The first railway line in New South Wales ran between Redfern and Parramatta and was opened with enormous excitement in 1855. With its opening, Australia entered the steam era, and that other great advance of the 19th century, the electric telegraph, soon followed.
Within 30 years, two large railway systems covered most of the settled districts of the colony, based on Sydney and Newcastle. Between them, the Hawkesbury River was an impassable barrier, until in 1881 the government of Sir Henry Parkes announced a bold policy that would double the mileage of railway lines. Included in this plan was the enormously expensive Northern Junction Line, joining the two systems over rugged country and a wide river at a cost of £2,755,000.
Construction of the Strathfield to Hawkesbury River section commenced in 1883, with an anticipated completion date of March 1886. From Parramatta River, the line climbed steeply to the Field of Mars (now Eastwood), then dropped to Devlins Creek where the M2 now runs beneath the railway line, and then climbed even more steeply to what is now Pennant Hills. Settlement in this high country in what had been the Field of Mars Common was sparse, and the surveyors appointed by the government recommended that “from Devlin’s Creek Culvert that northwards to a point outside the common there is a uniform ascending grade of one in 50 or less, making a stopping place impossible without great inconvenience and expense in alteration of levels of the line.”
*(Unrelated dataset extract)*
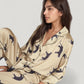 Cat Print Satin Pajama Set Long Sleeve Button-Up Top with Elastic Waist Full-Length Pants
However, the Minister for Lands, Henry Copeland, had quite a different view. The absence of railway platforms would make suburban subdivision impossible, and the government would therefore be unable to recoup part of the cost of the railway. On 18th June 1886, he noted on the surveyors’ report, “I have arranged for two Platforms. H.C.” A week later, the Metropolitan District Surveyor, John Deering, added another note, confirming the Minister’s directive. “ “Field of Mars” Platform at 14 miles 55 chains. “Beecroft” Platform 16 miles 38 chains.” These were the distances in miles and chains (a measurement of distance based on the length of a surveyor’s chain: 22 yards or just over 20 metres) from the Redfern terminus.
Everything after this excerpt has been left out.